* [What is being asked] What is needed is an exact copy of the data below, pictures excluded.

Data listing section start

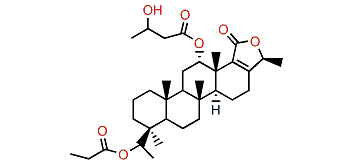 Honulactone K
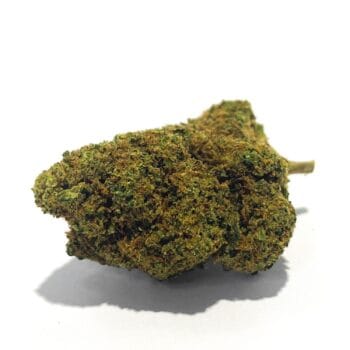 Gorilla Mandarin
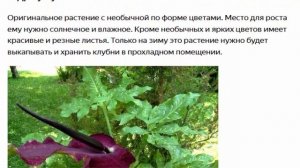 Цветы, которые стоит посадить в своем саду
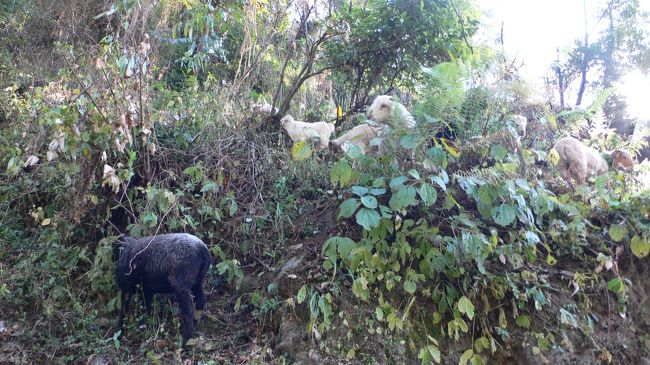 人家のあるSinuwa（シヌワ・2360m）あたりまで家畜が放し飼いされ、それ以降のトレイルは糞の臭いもなくなり糞を避けて歩くこともなくなる。<br />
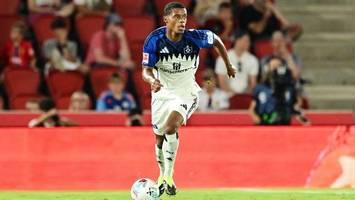Wie schnell kann Omari dem HSV helfen? „Das Rundumpaket passt“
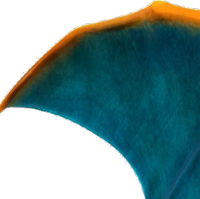 Charizard Pokken Tournament Wiki Fandom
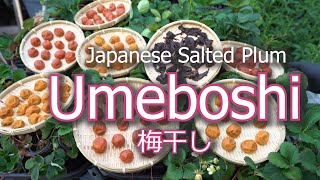 How To Make Umeboshi Japanese Pickled Plum  Salted and Shiso [upl. by Ahseneuq]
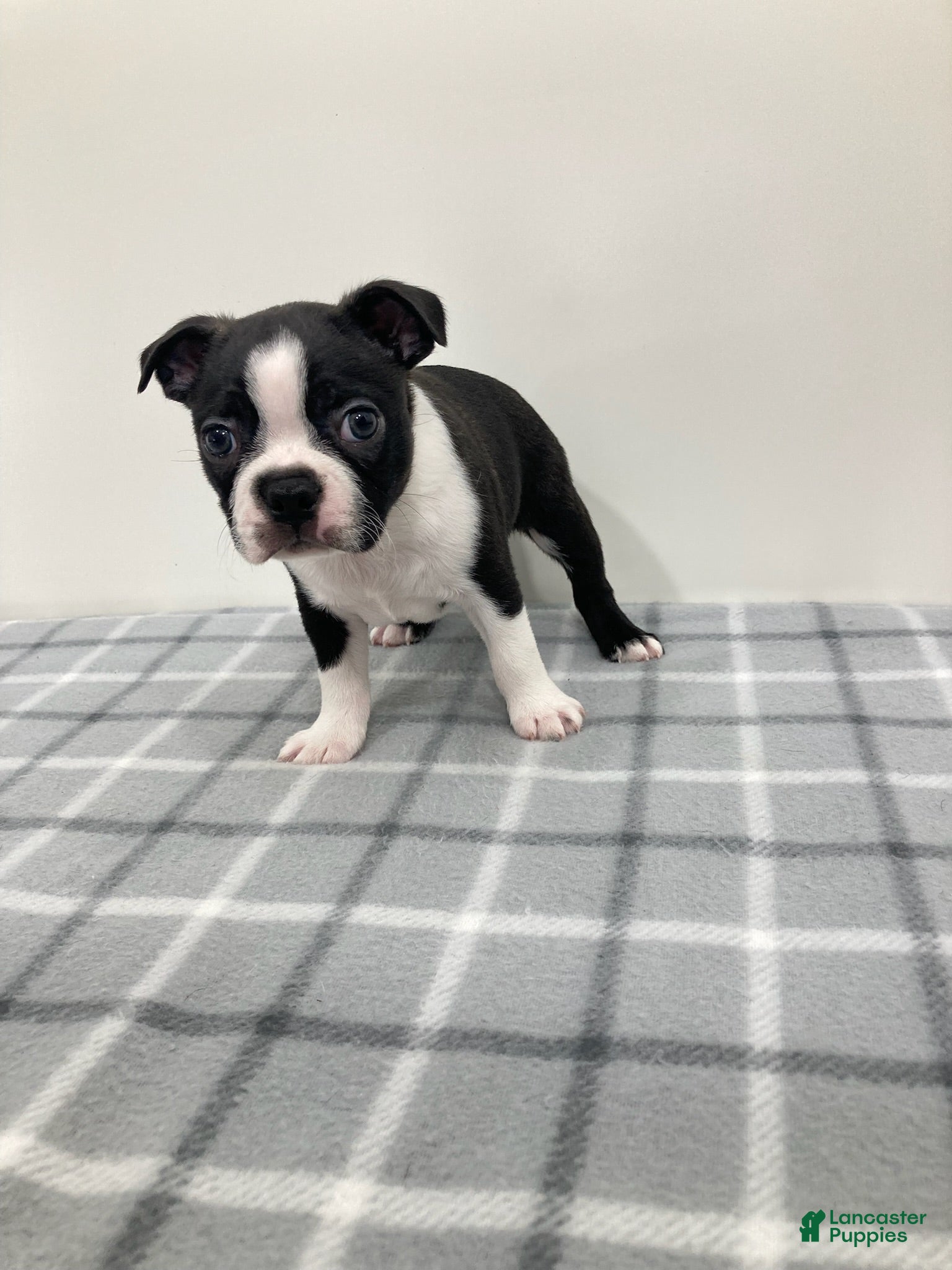 Boston Terrier dogs Nico Boston Terrier  - Ad 2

Data listing section end

* [Task response]
 Honulactone K
 Gorilla Mandarin
 Цветы, которые стоит посадить в своем саду
 人家のあるSinuwa（シヌワ・2360m）あたりまで家畜が放し飼いされ、それ以降のトレイルは糞の臭いもなくなり糞を避けて歩くこともなくなる。<br />
Wie schnell kann Omari dem HSV helfen? „Das Rundumpaket passt“
 Charizard Pokken Tournament Wiki Fandom
 How To Make Umeboshi Japanese Pickled Plum  Salted and Shiso [upl. by Ahseneuq]
 Boston Terrier dogs Nico Boston Terrier  - Ad 2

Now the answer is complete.